_EXERCISE DESCRIPTION_.
Every line from the first record below down to the line that includes "1 دکتر دخیل" must be reproduced exactly; the pictures are not.

_DATA FOR REVIEW_.

▼

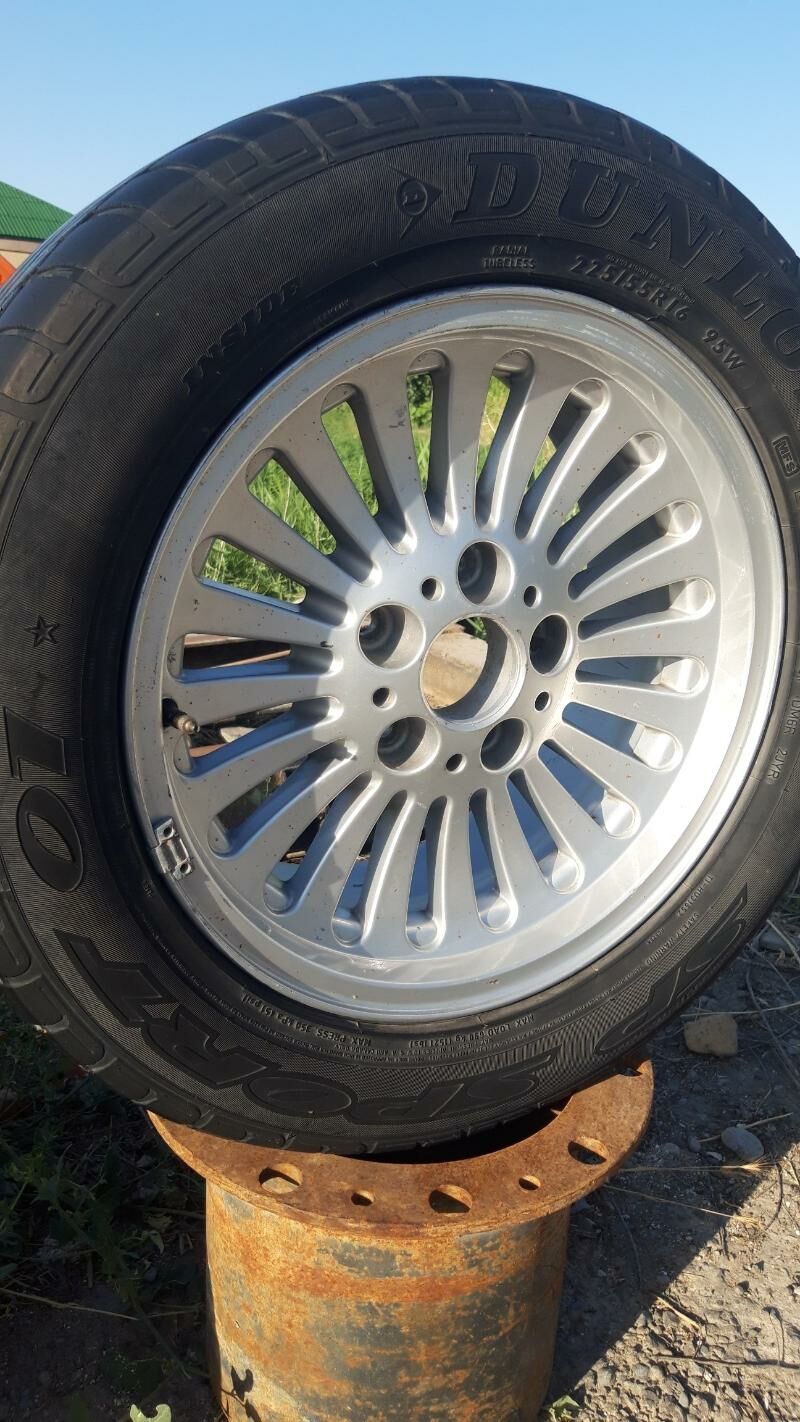 diska  pakyryşka   225  55 16 450 TMT - Aşgabat - img 6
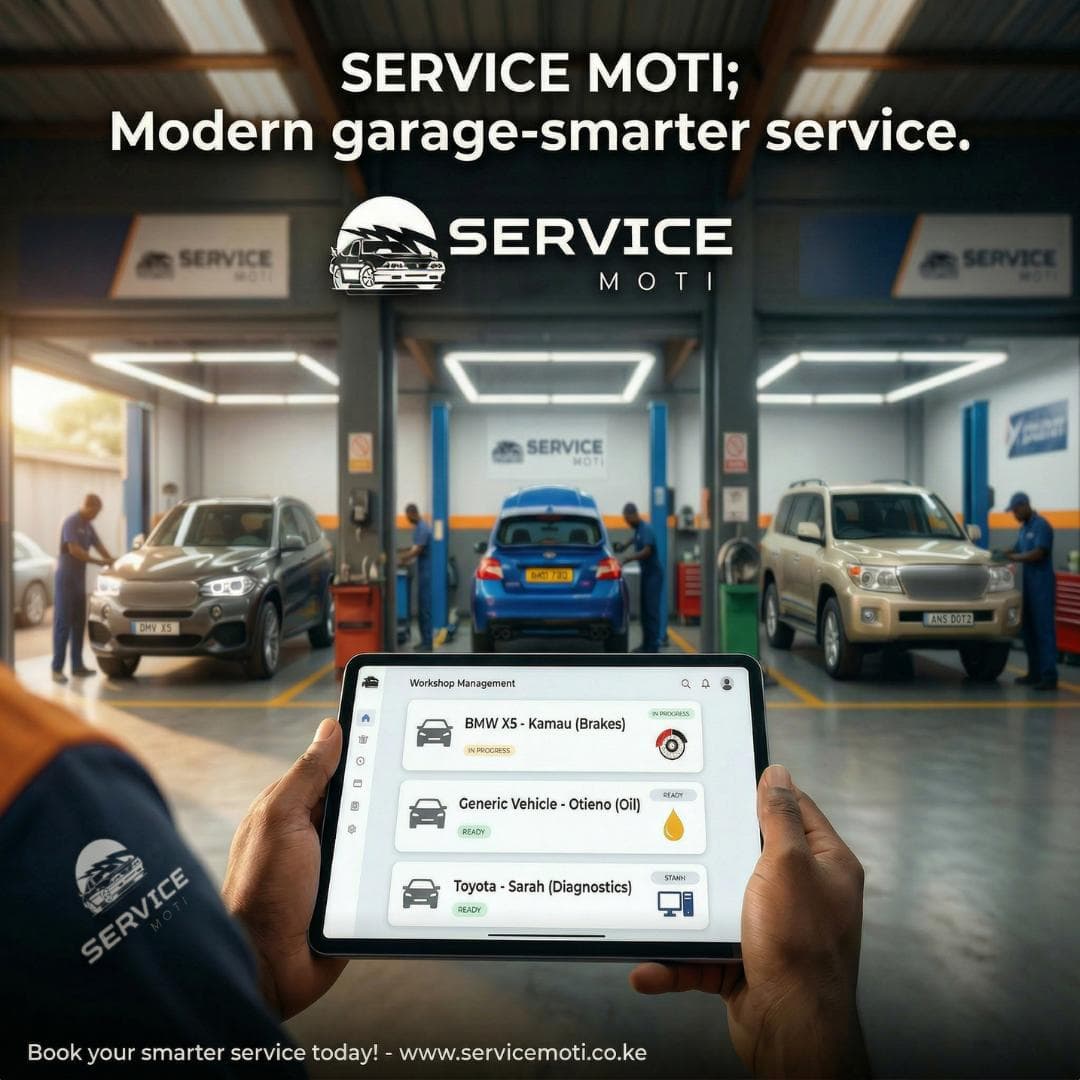 Service Moti background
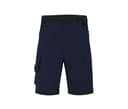 VELILLA BERMUDA AVEC POCHES VOLANTES NAVY / BLACK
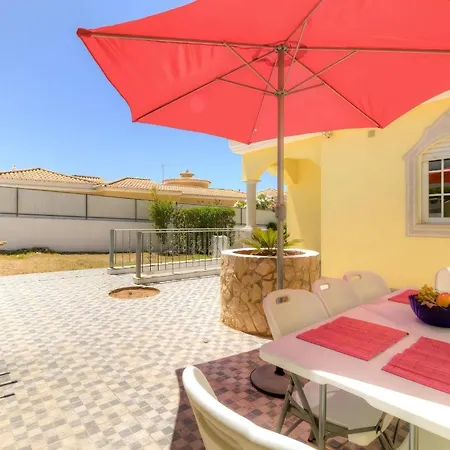 Villa Wonderful 6 Bedroom Casa Santa Isabel Private Pool Ferragudo Parchal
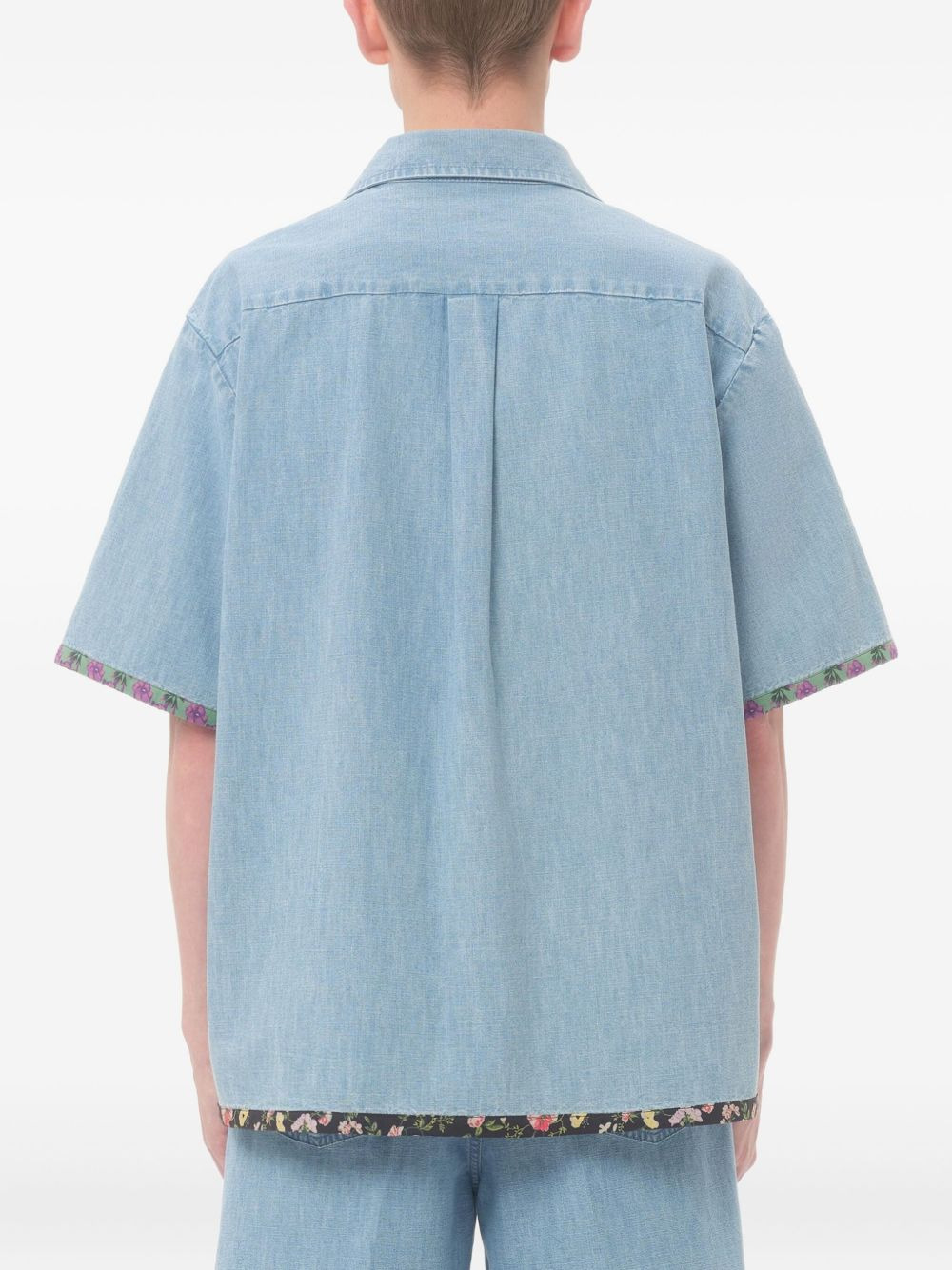 denim shirt - 7
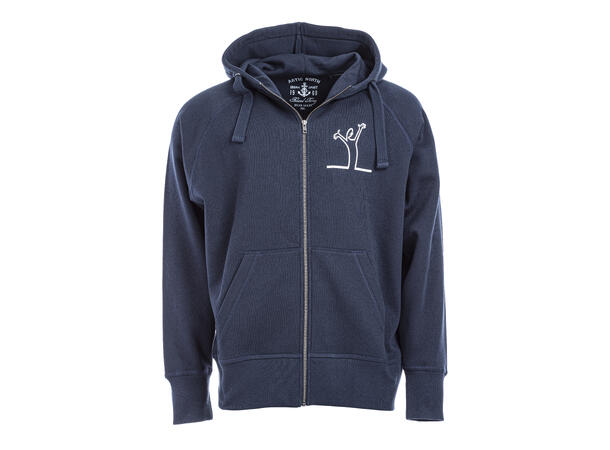 Streken Full Zip Navy (12pk) S:1, M:3, L:4, XL:3, XXL:1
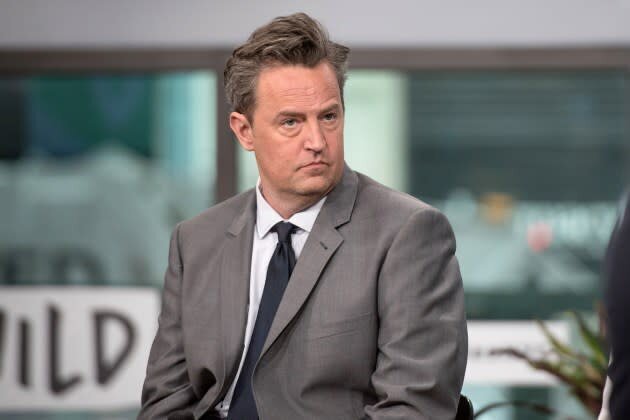 دکتر دخیل در مرگ متیو پری با کتامین به هشت ماه حبس خانگی محکوم شد 1 دکتر دخیل در مرگ متیو پری با کتامین به هشت ماه حبس خانگی محکوم شد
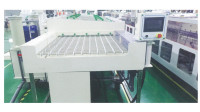 Large-Sized Glass Cleaning Line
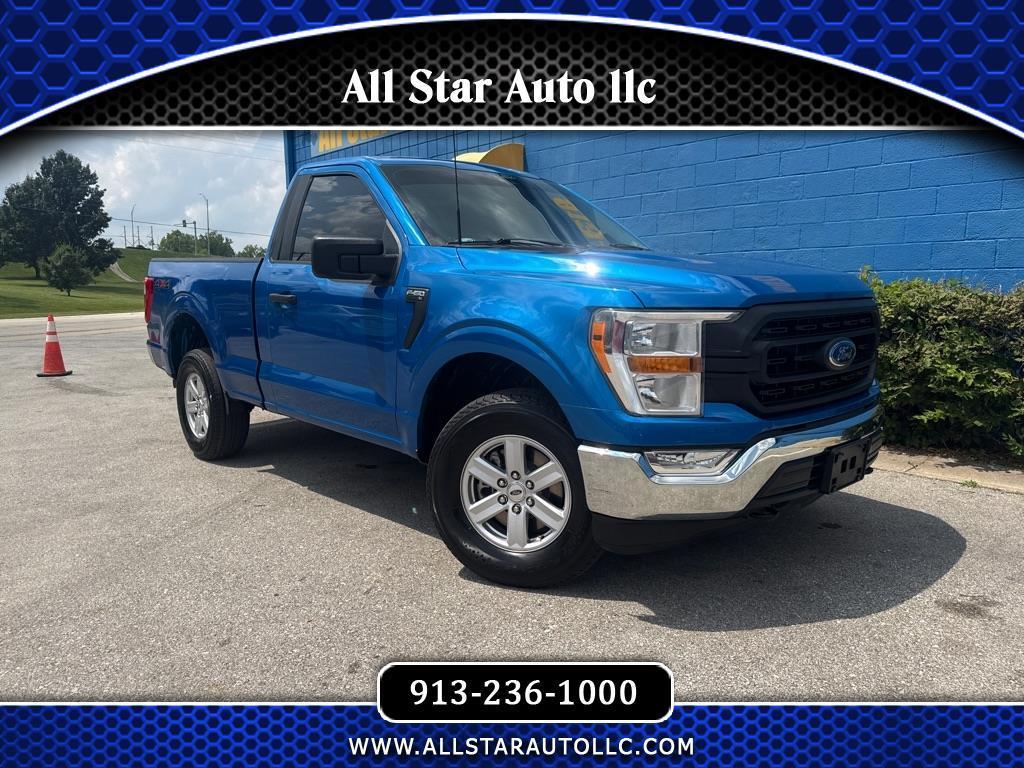 2021 Ford F-150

▲

_RESULT FOR THIS TASK_.
 diska  pakyryşka   225  55 16 450 TMT - Aşgabat - img 6
 Service Moti background
 VELILLA BERMUDA AVEC POCHES VOLANTES NAVY / BLACK
 Villa Wonderful 6 Bedroom Casa Santa Isabel Private Pool Ferragudo Parchal
 denim shirt - 7
 Streken Full Zip Navy (12pk) S:1, M:3, L:4, XL:3, XXL:1
 دکتر دخیل در مرگ متیو پری با کتامین به هشت ماه حبس خانگی محکوم شد 1 دکتر دخیل در مرگ متیو پری با کتامین به هشت ماه حبس خانگی محکوم شد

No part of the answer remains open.